My own personal/technical thoughts have gone back and forth on systemd.
  However even when I firmly believed that is was the wrong way to go and
would cause major issues down the line, it was still clear to me that
many people were seriously going overboard.

Could be.


That said, I understand and agree that there are technical downsides as
well.  For example, there is a little too much integration within
systemd itself, however that's mostly a result of the maintainer's
attitudes/viewpoints.

Frankly, I'm a lot more worried about operational downsides than technical ones.

Systemd might be the greatest thing since sliced bread - but I've got an operational collection of servers to maintain, that I'm going to have to upgrade eventually - and everything I've been reading just reinforces that I'm going to have to spend days, maybe weeks, pouring through every piece of carefully configured software and make adjustments to all my init routines - and figure out how to keep services running while doing so.

Udev alone caused tremendous hassles a while back.

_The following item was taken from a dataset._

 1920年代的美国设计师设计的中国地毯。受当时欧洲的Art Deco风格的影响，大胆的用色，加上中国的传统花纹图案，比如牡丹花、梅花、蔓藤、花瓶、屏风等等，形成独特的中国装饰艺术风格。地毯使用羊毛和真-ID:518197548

Systemd is sure looking like a nightmare.

It would be one thing if I could reliably continue running systemv-init, add systemd-shim to support packages that require systemd, and deal with everything else as time allows. But that is looking less and less likely to just work.

I find myself looking more and more at either slackware or LFS, or moving to either one of the BSDs or SmartOS - a platform where servers still seem to count.

No matter what, a huge expenditure of time and effort - just to get back to the status quo of normal operations.

Sigh....

Miles Fidelman


--
In theory, there is no difference between theory and practice.